== What needs to be done ==
Find "Perro de Agua Español" below and begin at its line; stop after the line with "A collection of". Output those lines exactly, without pictures.

== Excerpted records ==

########

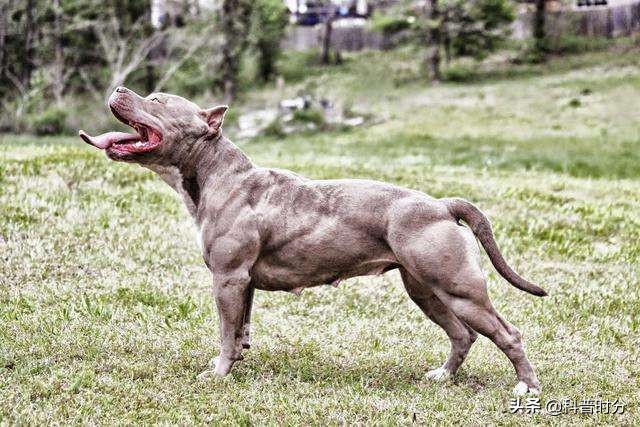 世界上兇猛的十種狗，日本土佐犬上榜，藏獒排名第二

########

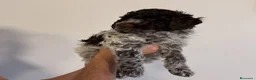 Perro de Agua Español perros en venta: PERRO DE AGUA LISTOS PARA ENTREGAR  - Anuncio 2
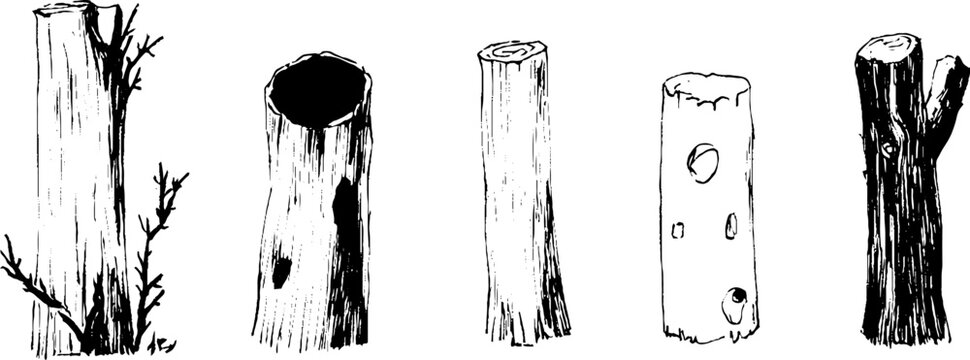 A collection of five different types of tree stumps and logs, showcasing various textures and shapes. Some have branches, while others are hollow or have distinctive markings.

########

== Reply to the task ==
 Perro de Agua Español perros en venta: PERRO DE AGUA LISTOS PARA ENTREGAR  - Anuncio 2
 A collection of five different types of tree stumps and logs, showcasing various textures and shapes. Some have branches, while others are hollow or have distinctive markings.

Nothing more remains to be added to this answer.